Now for the perceived negatives and what I see as positives. Getting outdoors and healthy in natural surroundings is a natural consequence of having a smaller house, as cabin fever will soon force you outside. Being outside and enjoying the sun is great for your immune system, unlike living in a sterile, germ-free environment. Like a lot of couples that choose this life, they immerse themselves in lush greenery, often buying a large plot of land or building on a farming estate. I much prefer this 'small house, big backyard' attitude to the modern overcrowding of neighbourhoods frame of mind we find ourselves in now. When you overcrowd everyone into suburbs, natural spaces get choked to death and suffer as a result. Thus, consumerism is the enemy of nature, and minimalism is is not. Natural surrounding should be valued and not exploited.

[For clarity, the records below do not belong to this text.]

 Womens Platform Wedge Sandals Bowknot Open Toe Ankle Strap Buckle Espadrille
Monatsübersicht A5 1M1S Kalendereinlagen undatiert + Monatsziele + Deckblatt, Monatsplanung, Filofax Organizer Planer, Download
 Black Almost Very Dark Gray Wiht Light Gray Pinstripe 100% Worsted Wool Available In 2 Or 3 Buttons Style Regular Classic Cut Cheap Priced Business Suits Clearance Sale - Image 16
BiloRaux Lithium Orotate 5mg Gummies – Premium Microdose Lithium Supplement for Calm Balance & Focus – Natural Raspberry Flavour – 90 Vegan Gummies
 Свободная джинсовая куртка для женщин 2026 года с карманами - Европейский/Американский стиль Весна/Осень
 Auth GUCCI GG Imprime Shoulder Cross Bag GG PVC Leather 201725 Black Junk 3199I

Such an outlook allows for greater self-sufficiency in cooking, exercising and social interaction (which can create intimacy instead of isolation), so you, your children and your community won't be under the influence of immoral people.

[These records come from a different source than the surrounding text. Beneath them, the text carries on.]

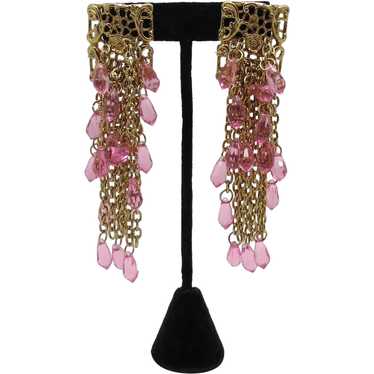 Goldtone Metal Earrings with Metal Fringe and Pink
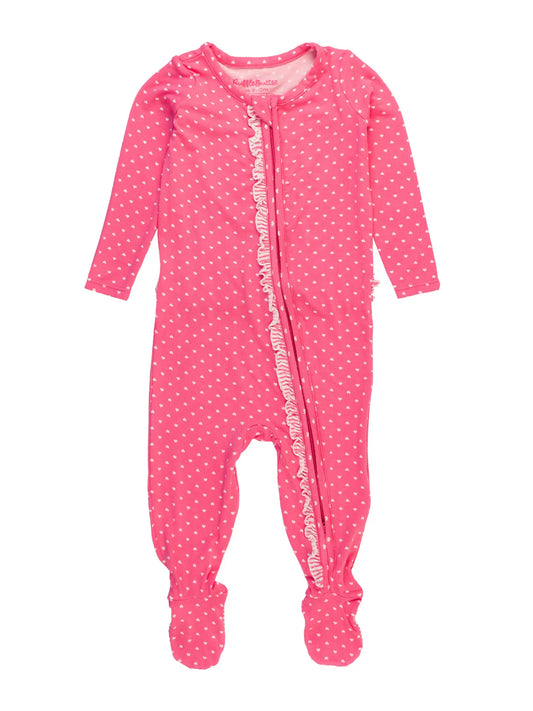 Softsnooze™ Baby Girls Bamboo Viscose Hot Pink Heart Polka Dot Footed Ruffle One Piece Pajama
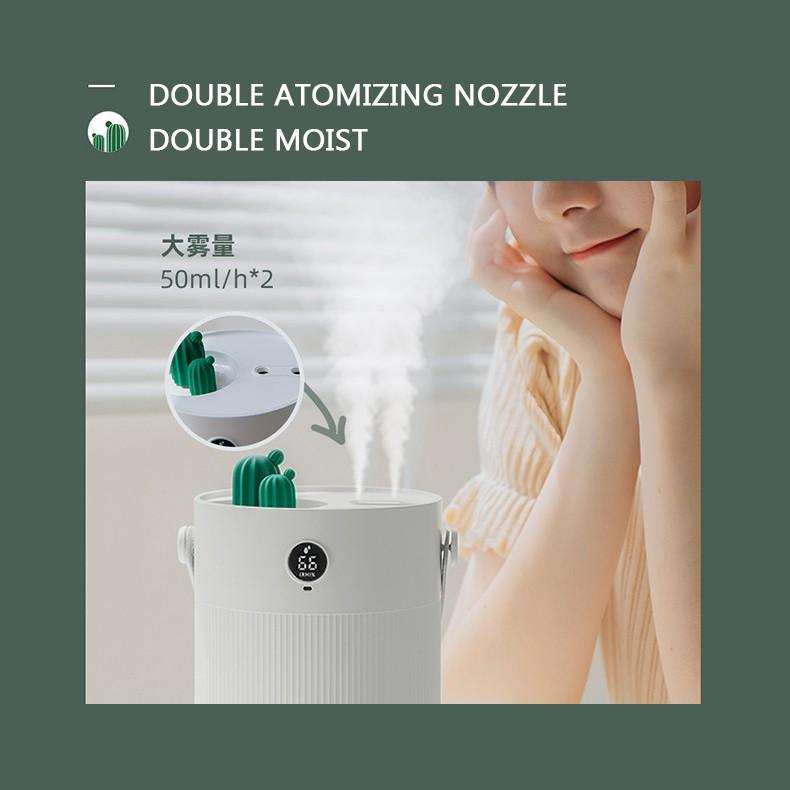 Máy Làm Ẩm Không Khí Xiaomi Sothing Phát Hiện Độ Ẩm Hai Đầu Phun Sương Có Thể Sạc Lại Bằng USB Với Đèn LED Dung Tích 1L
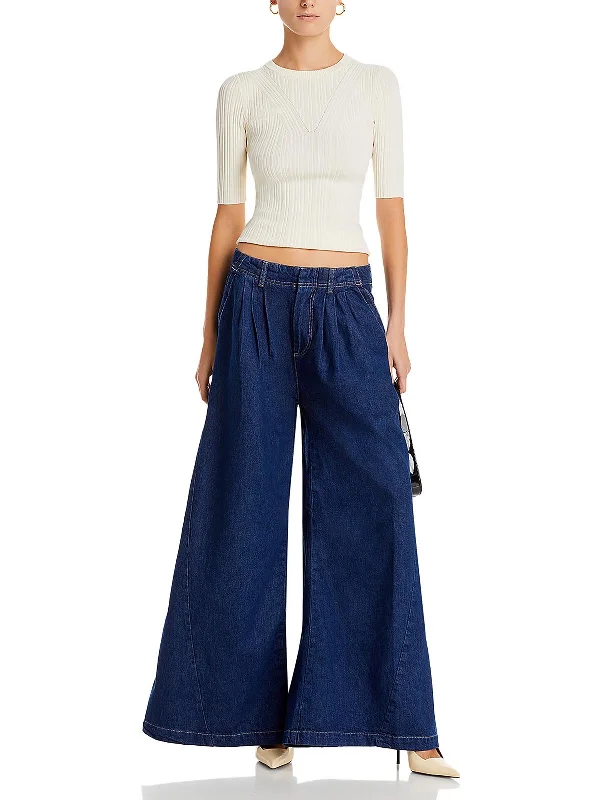 Womens High Rise Pleated Wide Leg Jeans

When you have greater control of your lifestyle, you can more easily reject consumer society's ideas. You will have low bills, less escapism into short-lived pleasures, a stronger entrepreneurial spirit and learning more practical skills during the building of your home with your own labour, and reusing old materials for new purposes or organic resources that allow for better temperature control. Combining the natural aesthetics of the outdoors with smart building practices to create passive houses, for example, can allow anyone to live in a house which needs significantly reduced energy to heat or cool. If you wish to, you can also built it with a heritage or homestead design in mind, which further emphasises the rejection of consumer society and its pattern of houses losing their national heritage for the same designs repeated en masse, and pursuing overcrowding instead of beauty.

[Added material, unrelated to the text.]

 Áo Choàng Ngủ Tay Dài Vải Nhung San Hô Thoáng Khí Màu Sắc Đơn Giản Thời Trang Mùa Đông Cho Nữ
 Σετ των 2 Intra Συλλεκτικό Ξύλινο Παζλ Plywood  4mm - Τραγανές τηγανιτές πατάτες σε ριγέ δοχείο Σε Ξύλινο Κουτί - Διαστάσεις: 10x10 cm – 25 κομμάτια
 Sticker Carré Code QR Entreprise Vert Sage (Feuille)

With solar panels and water tanks being so easy to access nowadays, and them being a much less energy intensive option, it would be insane to pay so much more money for energy bills, if you have the option to use them. In Australia, it is illegal to not have a rainwater catchment system, but in Colorado it used to be illegal to have one, which is strange as both regions have high levels of desertification. In the case of natural disasters, you'd be glad you didn't spend so much money on your home and have so many possessions. The rebuild and recovery would be less devastating and time consuming this way. This lifestyle is flexible enough for most people to pursue, especially for young men who wish to learn practical skills; building their own tiny house and living modestly would be an exceptional example of masculinity. With no wasted space in a good design and with enough ingenuity, you can fit an entire world in your own house. This means you can have better communication since there will be less escaping to hide away in your room, whilst still retaining the essentials.